There are several interesting tools that solve this problem, the most notable ones in my experience are TravisCI and JenkinsCI. You can find a more comprehensive list here

SSH-based deployment

SSH-based deployment is where the source code is packaged into an archive and then copied over to a server using SSH. Then some shell commands are run to launch some bootstrap scripts to update configuration, other setup, and restart the app and web servers if needed. If you have multiple servers this is done for each one.

Two notable frameworks that come to mind are Capistrano and Fabric. Capistrano is Ruby based while Fabric is Python based.

SSH-based deployment is quick and simple. It's a great way to get started for a web app that has limited testing and is less mature. Since you can SSH into a server, you can easily tweak configuration, install packages, edit code, and mess around with processes quite easily. This allows you to iterate quickly to get up and running and makes debugging deployment a lot easier. However, as you scale you probably don't want everyone in the team to have SSH access to your servers and want to centralize everything.

What I learned after wasting 4 days

I spent 4 full days reading dozens of tutorials and how-to guides to get this app up and running. I didn't care if Gunicorn was faster than uwsgi or if supervisor provided more features than Upstart, I just needed something working and somewhat scalable. In order to deploy my Django application I ultimately used:

Fabric for deployment
Ubuntu-based machine (Ubuntu 14.04.4)
EC2 small instance, the micro instances are generally terribly slow
nginx for the web server
uwsgi for the app server (also tried gunicorn)
MySQL for the database
init.d and start-stop-deamon to manage services (tried supervisor but it has drawbacks)

1. Centralize your server setup scripts using fabric

Fabric is a powerful tool, we centralize all our setup scripts into a set of Fabric tasks so that way provisioning a new Ubuntu server is super easy. Our scripts install the appropriate packages, create the necessary folders, and setup the server to be used to deploy.

2. Don't use the default app server

A lot of tutorials I found by Google-ing suggested that I simply run the same command as I do during development:

python manage.py runserver

However, this is not a good idea. The default app server that Django provides is lightweight but is development oriented. In production it's a good idea to use a WSGI based app server like uwsgi or gunicorn which are production-ready and battle tested.

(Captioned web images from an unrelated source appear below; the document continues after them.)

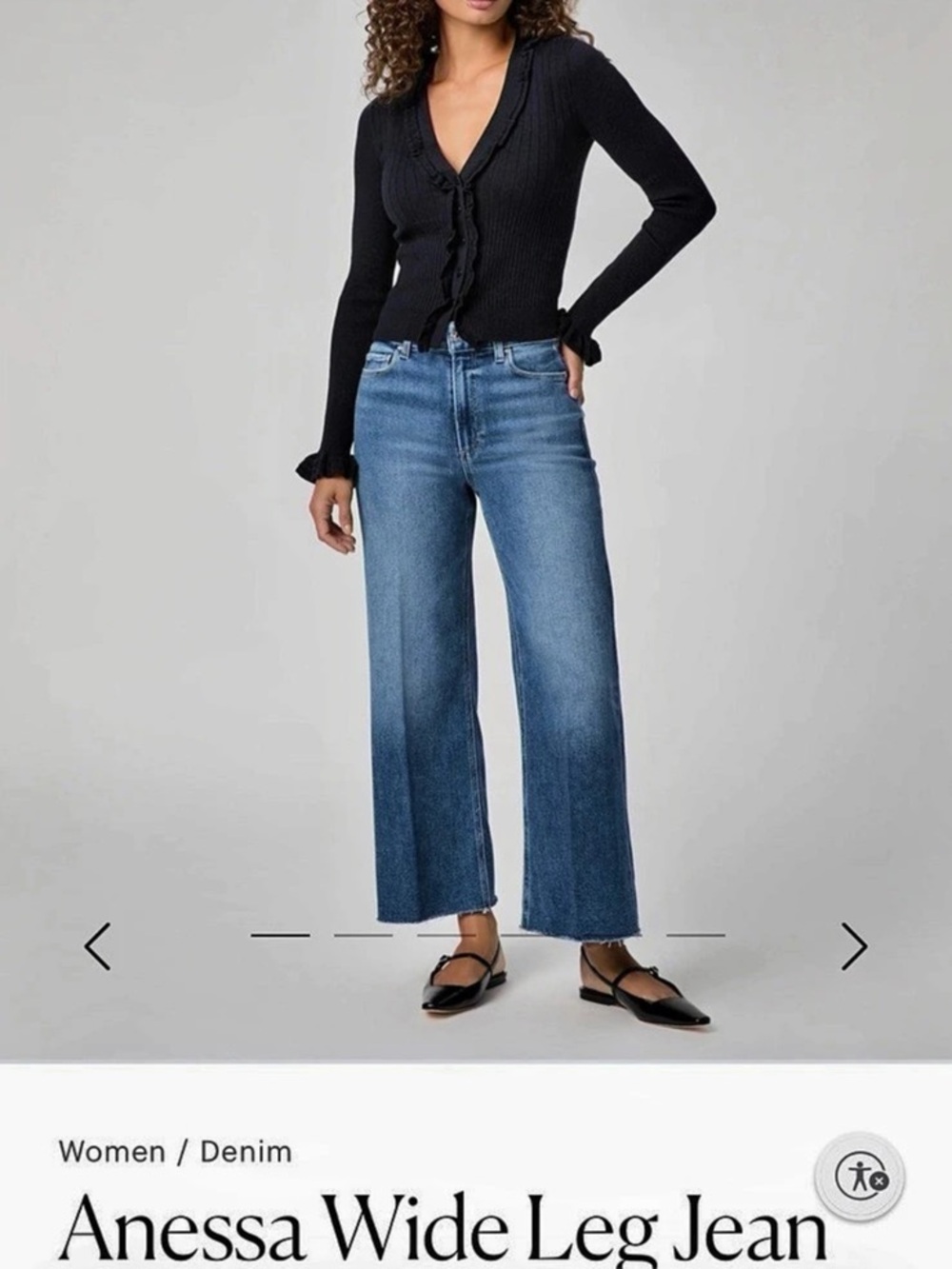 Paige Anessa Wide Leg Jean Wide Leg Jeans in Blue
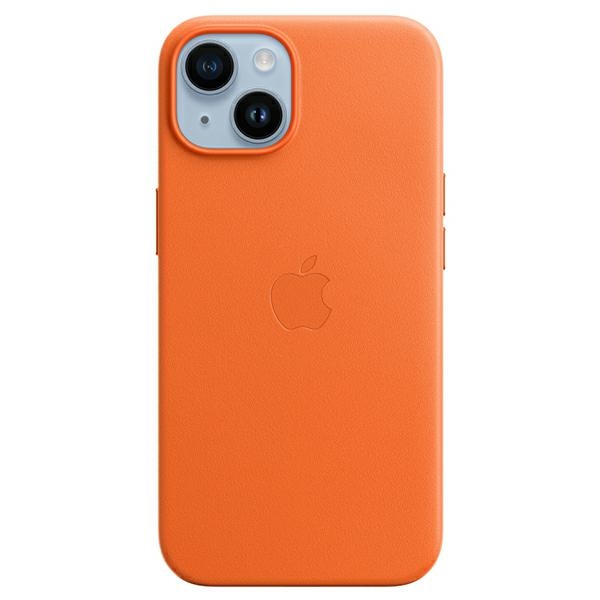 Case Apple MPP83ZM/A iPhone 14 / 15 / 13 6.1" orange Leather Case MagSafe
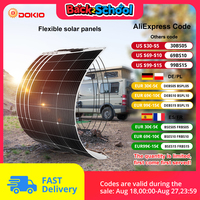 DOKIO 100W-400W 18V monocrystalline flexible solar panel, suitable for camping, RV installation can charge 12V batteries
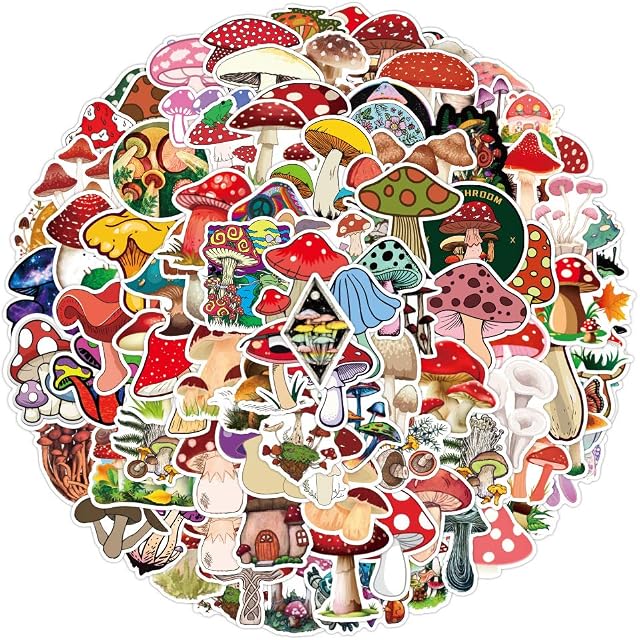100pcs Mushroom Stickers,Lovely Plants Stickers for Water Bottle, Laptop,Car,Phone,Journaling,DIY Craft Cute Nature Theme Decals for Kids Adult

3. Use a virtualenv for deployment

Once our code is packaged and deployed onto the server we install it by running python setup.py install onto a virtualenv that we specifically set up for running the application. Then we point our app server (uwsgi) to use that virtualenv to run the application and point it to the wsgi.py file in the latest release. A lot of tutorials were quite unclear about this.

4. Supervisor is overkill initially

Supervisor is a great process monitoring system which I thought might be a good idea to use. It has a configuration file you can setup and then use the supervisorctl command to monitor and manage the services you want.

However, supervisor only let you specify one command to run so that it can monitor that. It doesn't provide a way to specify pre-run and post-run scripts or chain multiple shell commands into one line. This is especially key for MySQL on EC2 since the PID and LOG file are stored on the /var/run directory which is erased upon an EC2 restart. You need to run a shell script to create the appropriate folders and files before MySQL is run.

For a simple web app it's perfectly alright to get started using init.d and start-stop-daemon to monitor processes. We simply store our init.d scripts for each service in our repo and there are plenty of open source starter scripts available online.

So there you go, if you're dealing with problems while deploying a Django app on EC2 hopefully my experience will help you save hours of time and focus on getting your app live as quickly as possible.